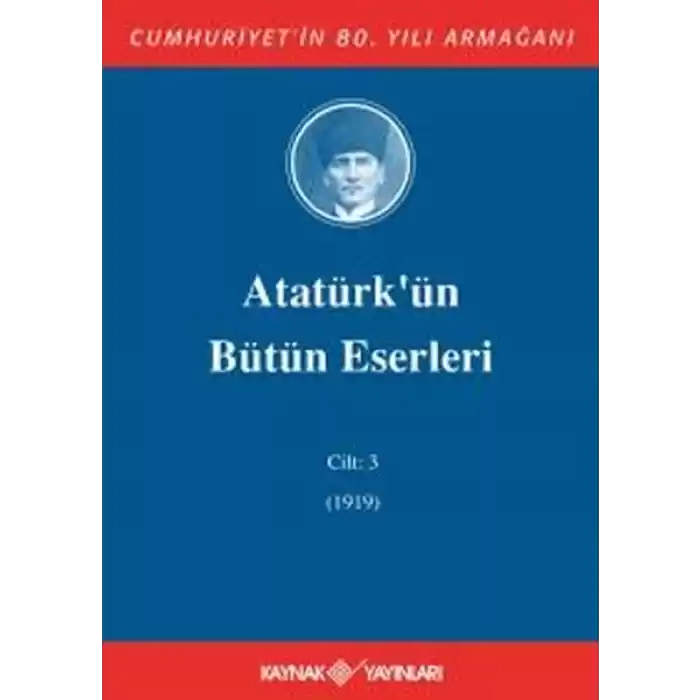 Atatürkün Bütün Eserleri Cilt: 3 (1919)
==
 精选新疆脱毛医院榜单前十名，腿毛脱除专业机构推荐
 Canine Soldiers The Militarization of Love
==
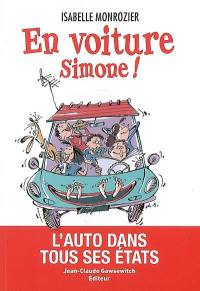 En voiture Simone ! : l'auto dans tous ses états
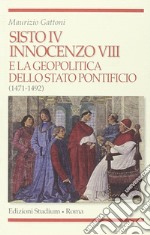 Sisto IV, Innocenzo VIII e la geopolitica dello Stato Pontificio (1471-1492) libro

> TASK STATEMENT
For the material above, give again only the lines starting at the line that contains "En voiture Simone" and ending at the line that contains "Sisto IV, Innocenzo". Pictures do not belong in the copy.

> RESULT OF THE TASK
 En voiture Simone ! : l'auto dans tous ses états
 Sisto IV, Innocenzo VIII e la geopolitica dello Stato Pontificio (1471-1492) libro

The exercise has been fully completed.